_About this exercise_
Beginning at the line that holds "THE HAVEN, GALE", transcribe each line exactly through the end of the records, and leave any pictures out.
————————
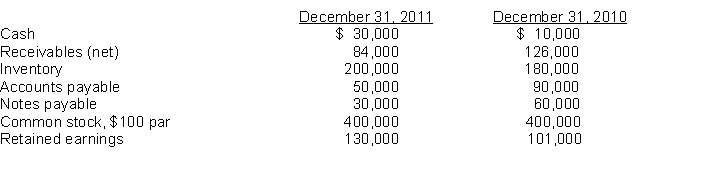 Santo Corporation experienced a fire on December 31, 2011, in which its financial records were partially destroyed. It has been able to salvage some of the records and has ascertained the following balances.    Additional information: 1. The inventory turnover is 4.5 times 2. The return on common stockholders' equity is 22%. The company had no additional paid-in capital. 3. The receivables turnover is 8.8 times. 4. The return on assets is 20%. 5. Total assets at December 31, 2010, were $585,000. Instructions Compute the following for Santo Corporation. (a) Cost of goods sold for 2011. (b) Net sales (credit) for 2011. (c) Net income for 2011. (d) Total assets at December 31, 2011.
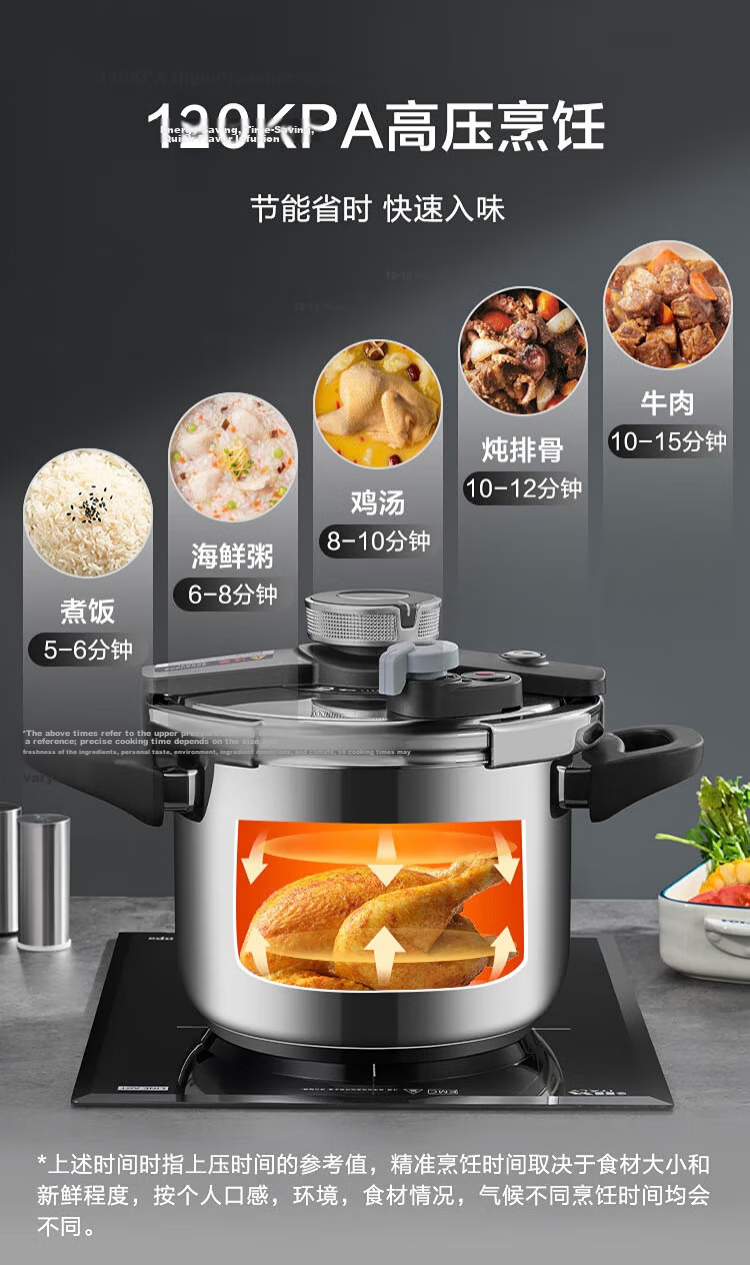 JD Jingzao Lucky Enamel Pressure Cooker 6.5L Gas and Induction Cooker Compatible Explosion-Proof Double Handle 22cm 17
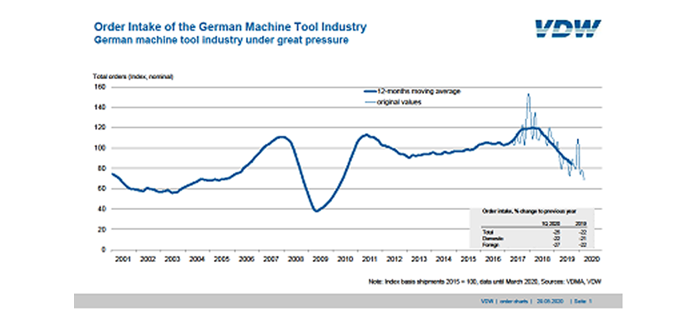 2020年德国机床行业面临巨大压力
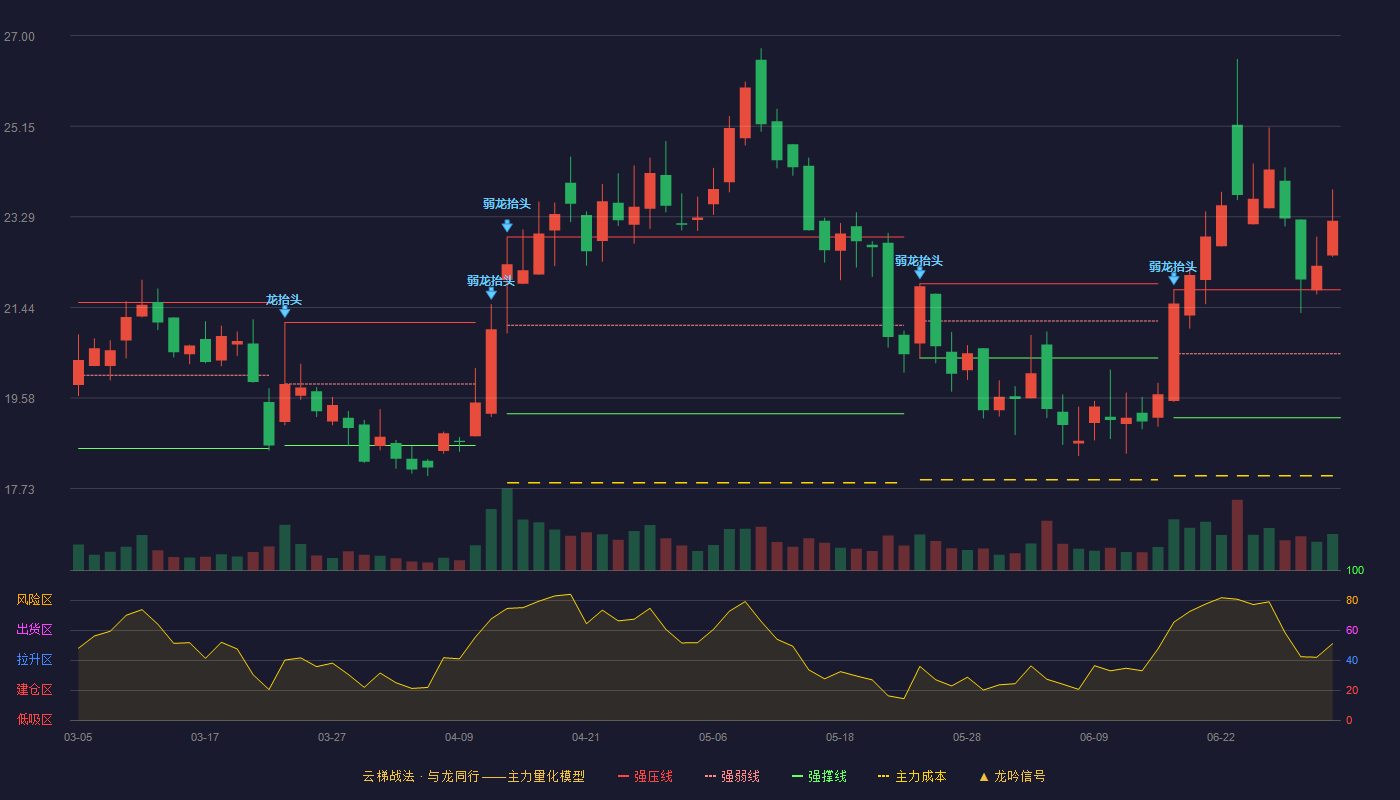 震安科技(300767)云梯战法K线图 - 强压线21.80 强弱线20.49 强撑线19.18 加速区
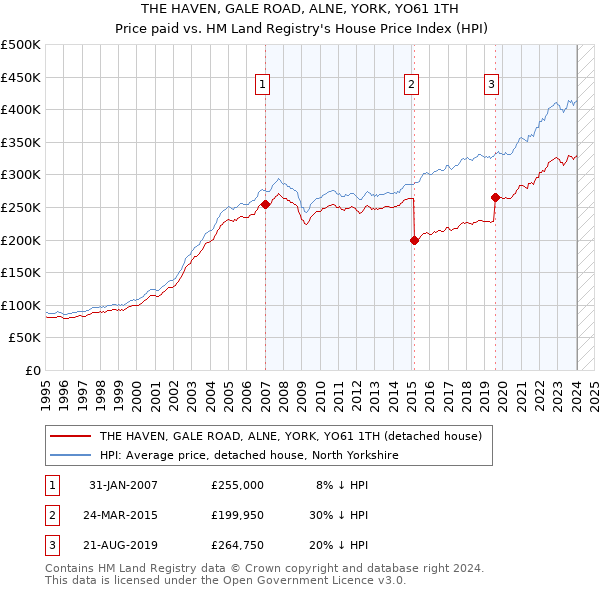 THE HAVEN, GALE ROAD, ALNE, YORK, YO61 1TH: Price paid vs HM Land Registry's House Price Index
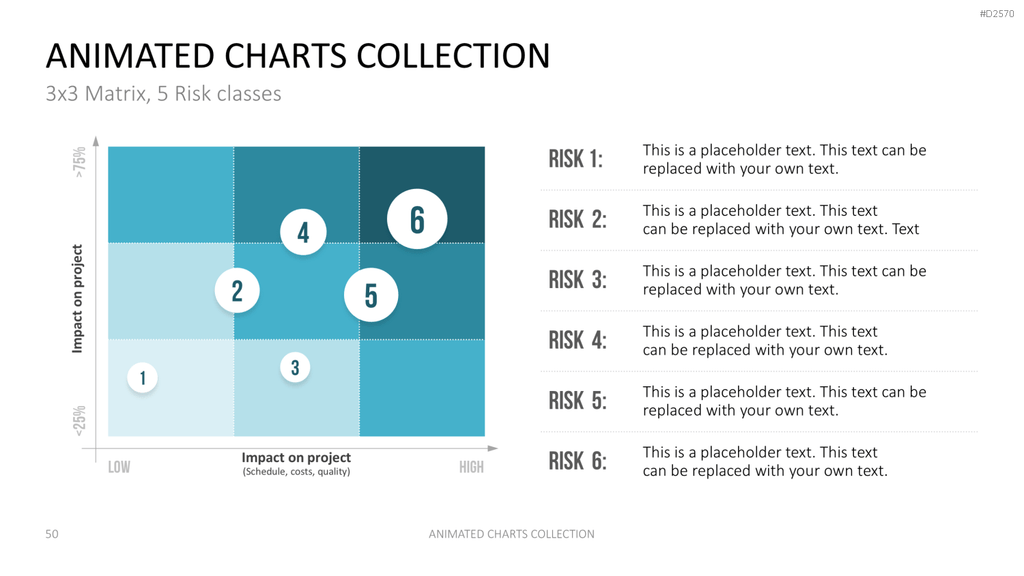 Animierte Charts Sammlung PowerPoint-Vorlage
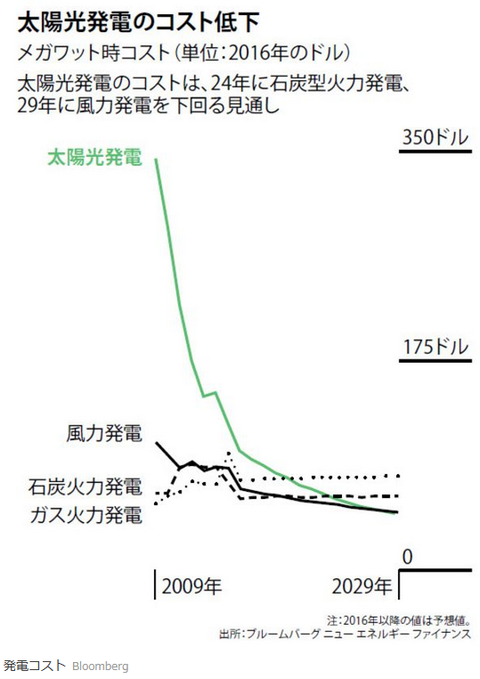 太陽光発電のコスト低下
————————
_Solution to this exercise_
 THE HAVEN, GALE ROAD, ALNE, YORK, YO61 1TH: Price paid vs HM Land Registry's House Price Index
 Animierte Charts Sammlung PowerPoint-Vorlage
 太陽光発電のコスト低下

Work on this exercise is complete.